I’m trying to design a star network to use as serial communication between my MIDI devices. The idea is to have a certain number of clients (up to 15 as the MIDI protocol provides 16 channels) and a coordinator that receives MIDI messages from them.
Clients would have necessarily to be battery-powered. So my main questions are:
To activate clients’ sleep mode, is it mandatory to have a MCU for each one of them, or are there alternative solutions?
Depending on the answer to the first question, what are the best solutions to supply power to the clients?
What I would like to do is to keep all client in sleep mode and only when the MIDI device requests the transmission of a message, wake up the client and send the message to the coordinator, that, with the help of the MCU, will handle the management of all messages from clients.
So my question is: in your experience, using one of the two above-mentioned sleeping mode, is it possible and convenient to proceed in this way or are there much better design solutions?
For the power supply my goal it is precisely to use the batteries for various clients.

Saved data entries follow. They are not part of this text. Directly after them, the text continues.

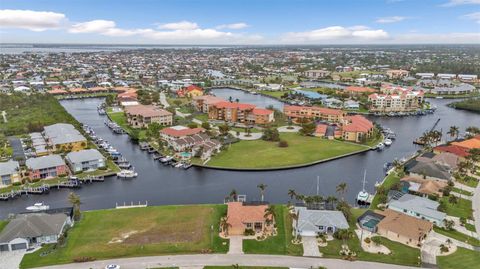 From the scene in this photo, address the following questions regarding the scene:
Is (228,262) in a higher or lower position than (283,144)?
lower

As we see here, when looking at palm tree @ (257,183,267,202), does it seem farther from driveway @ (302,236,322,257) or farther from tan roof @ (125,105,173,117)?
tan roof @ (125,105,173,117)

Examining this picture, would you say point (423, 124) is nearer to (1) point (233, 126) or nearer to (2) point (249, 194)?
(1) point (233, 126)

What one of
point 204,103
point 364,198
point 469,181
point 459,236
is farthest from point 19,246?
point 204,103

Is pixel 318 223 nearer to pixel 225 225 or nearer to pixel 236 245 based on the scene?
pixel 236 245

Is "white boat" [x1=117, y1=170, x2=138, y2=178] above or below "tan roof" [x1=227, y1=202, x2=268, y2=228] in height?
below

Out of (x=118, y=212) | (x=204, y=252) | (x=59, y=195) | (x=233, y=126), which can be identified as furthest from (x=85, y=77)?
(x=204, y=252)

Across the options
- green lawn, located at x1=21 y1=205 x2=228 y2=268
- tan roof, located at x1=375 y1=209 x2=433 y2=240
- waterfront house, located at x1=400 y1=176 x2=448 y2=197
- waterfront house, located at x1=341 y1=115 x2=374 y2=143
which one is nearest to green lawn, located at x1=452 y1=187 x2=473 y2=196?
waterfront house, located at x1=400 y1=176 x2=448 y2=197

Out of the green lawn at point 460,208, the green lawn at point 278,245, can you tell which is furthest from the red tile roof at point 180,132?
the green lawn at point 460,208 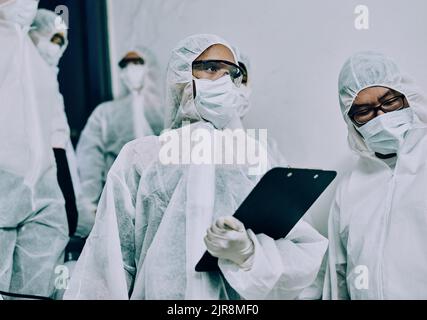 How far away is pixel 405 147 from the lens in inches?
53.6

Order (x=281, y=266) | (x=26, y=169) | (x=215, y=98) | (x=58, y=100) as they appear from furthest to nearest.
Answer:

In this regard, I tried to figure out what is the best choice in terms of battery life since the devices may also remain in function for two hours or more (at the time I could not make an estimate of how much each client will remain in sleep mode or in transmission mode in this period of time, but I would say a 35% transmission and 65% sleep might be fine as an initial hypothesis). At the following link there are the results of some tests with different types of battery, but, since I’m a novice in Xbee, if someone with more experience has any suggestions they would be very useful.
No the radio does not support that kind of sleep. The only sleep options that are supported are either a Pin sleep which is external processor controlled or a cyclic sleep where the module wakes and polls the coordinator for data on a given time cycle.